CD, DVD life
The Optical Storage Technology Association are the guys to listen to when talking about CD-R life. They reckon UNRECORDED shelf life of 5 to 10 years, while acknowledging some of their members claim anything up to 200 years.
Disc life depends on a pile of things: the quality of the polycarbonate substrate, the quality of the reflective material, the quality of the dye, and for CDs, the quality of the lacquer (CDs are one substrate, reflective layer at the back, lacquer protecting the layer. DVDs are two substrates glued together, with the reflective layer in the middle).
Historically, DVDs have appeared to have shorter lives than CDs. For both types, the "best" reflecting layer were regarded as the Kodak and MAM-A "gold" archival CDs. Kodak dropped out of the market. MAM-A's latest lifetime test results for their Gold Archive product suggest 329 years for CD-R and 116 years for DVD-R.

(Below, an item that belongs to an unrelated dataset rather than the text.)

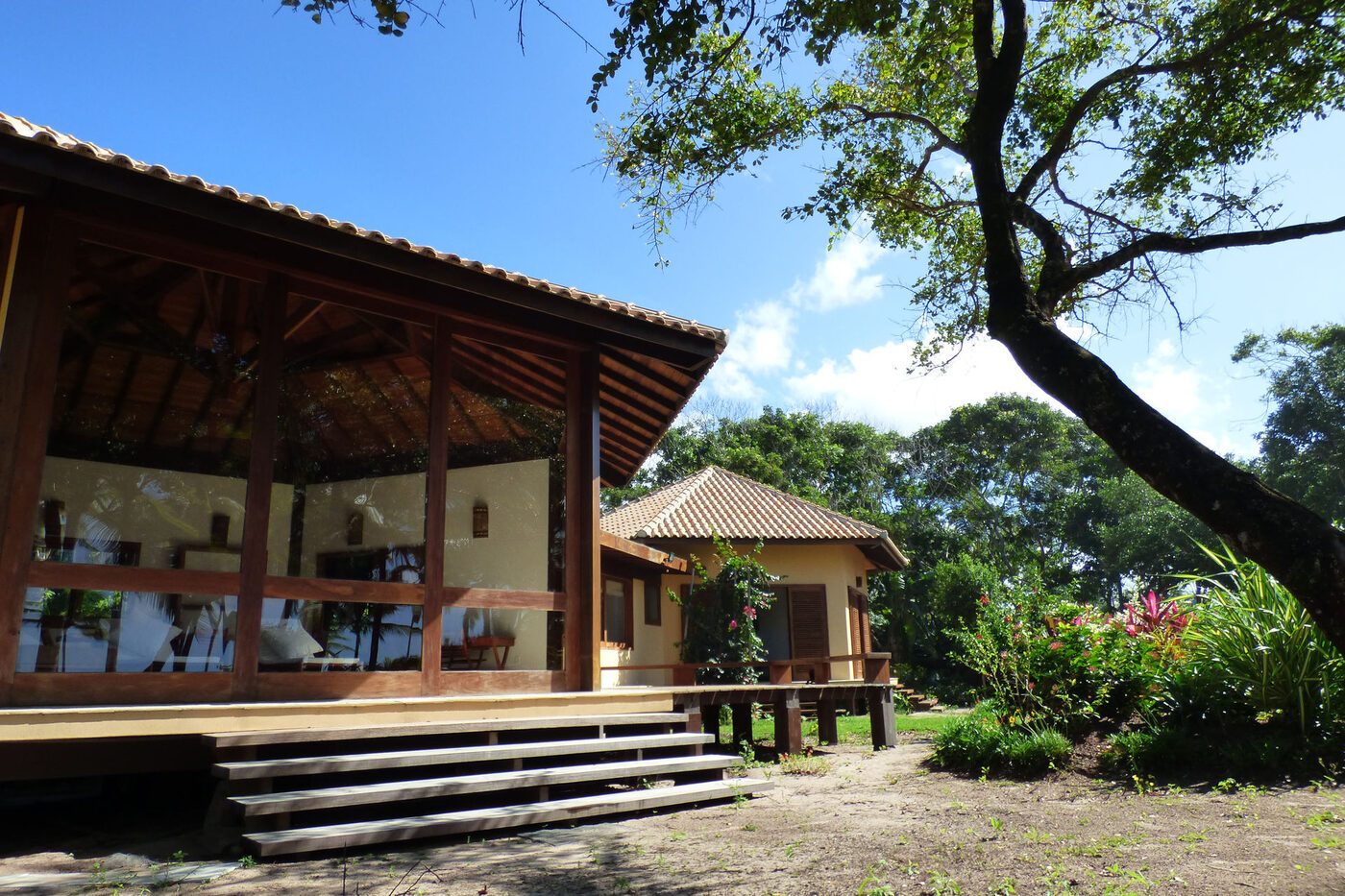 Casa do Artista, casa de 230m² com deck e jardim tropical à beira-mar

There are good reasons to select branded disks when making archival recordings: discs can have various types of reflective layer and use around 3 different dyes (depending on how one counts). For best results, each combo needs a different write strategy. These write strategies are programmed into the drive firmware. The drive reads the ID of a blank disc, and selects the appropriate strategy. If it doesn't recognise an ID, it will choose a conservative default, usually causing a slow burn. Some cheap disks use IDs of better-known brands, to ensure the drive uses the appropriate write strategy. Sometimes, the ID is used to deceive the consumer, and the strategy may not actually match the disc construction.
Disc failure modes include porosity of the lacquer/glue and polycarbonate, aging of the glue and lacquer, reaction to the ink used to write on the pen, migration of acid in any paper in the case, outgassing from the case, accelerated aging by light, and being used on any day with a "y" in it.
So, for archival purposes use a brand that your drive will recognise, and use a drive that has consistent write performance on the chosen medium.
Having backed up over the years to almost every technology known to Man, I currently use a RAID server locally and remote hard drives. It's a bit over the top, but drives are cheap. For burning CDs/DVDs, I have cheapo media and a fast cheapo drive, plus archival media and an archival drive.